## Action item
Pictures in the records below must be left out. Return exactly the lines from the line with "Ανδρικό κοντό παντελόνι" to the line with "Mercedes-Benz E-Class E350 4MATIC AMG Line", both included.

## Supplied entries
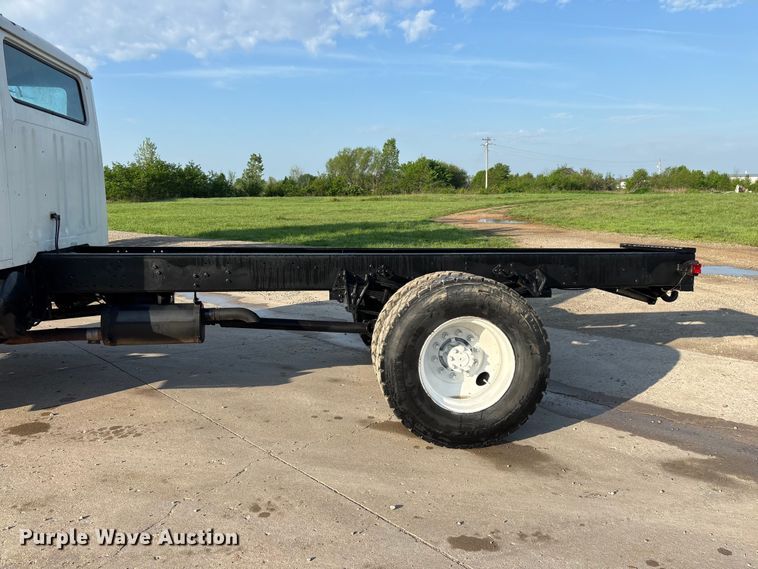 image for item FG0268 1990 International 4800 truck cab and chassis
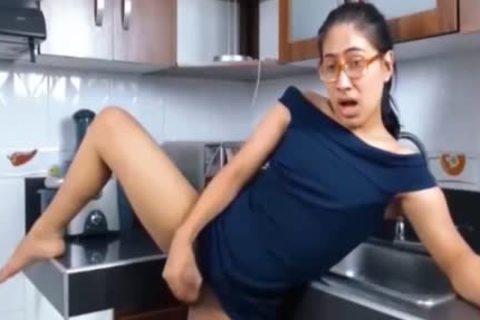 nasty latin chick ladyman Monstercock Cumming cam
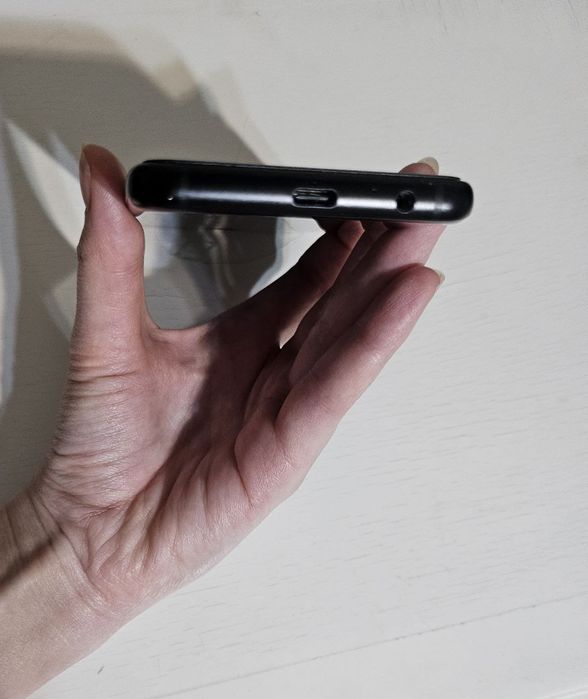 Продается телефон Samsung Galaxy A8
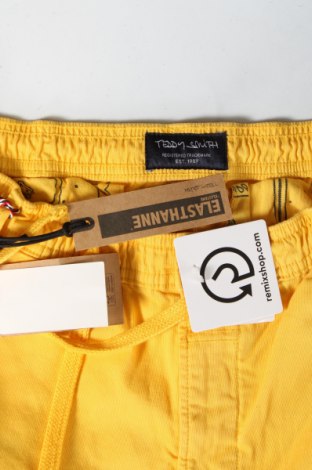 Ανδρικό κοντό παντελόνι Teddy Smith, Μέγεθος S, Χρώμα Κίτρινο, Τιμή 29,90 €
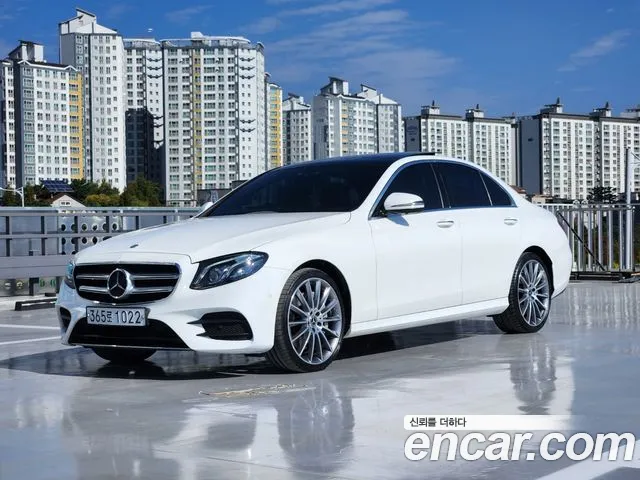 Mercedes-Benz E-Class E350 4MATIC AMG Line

--

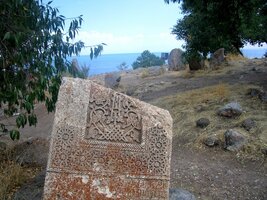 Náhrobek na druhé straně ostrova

--

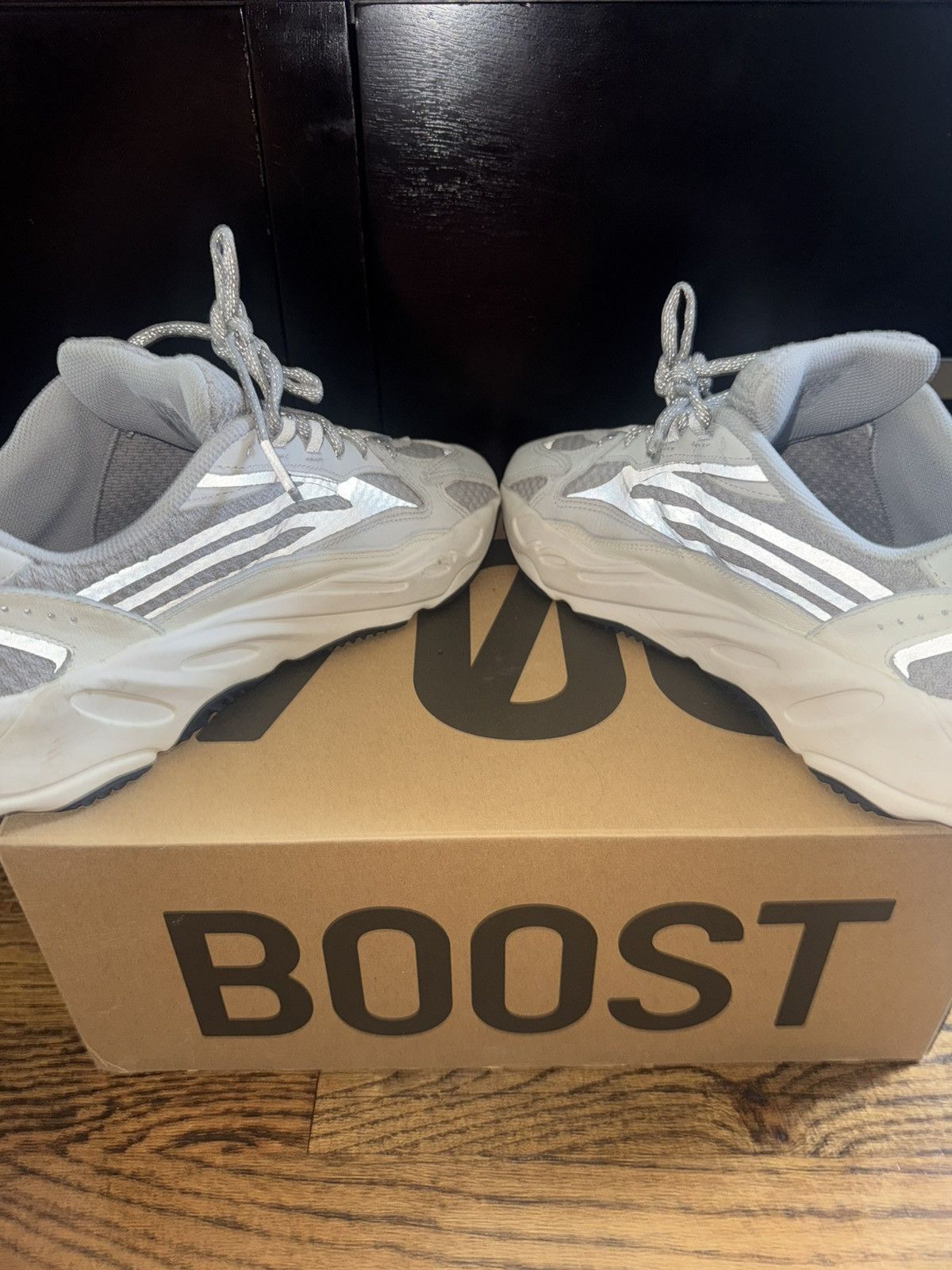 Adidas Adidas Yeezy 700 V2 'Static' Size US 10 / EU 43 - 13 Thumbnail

## Response box
 Ανδρικό κοντό παντελόνι Teddy Smith, Μέγεθος S, Χρώμα Κίτρινο, Τιμή 29,90 €
 Mercedes-Benz E-Class E350 4MATIC AMG Line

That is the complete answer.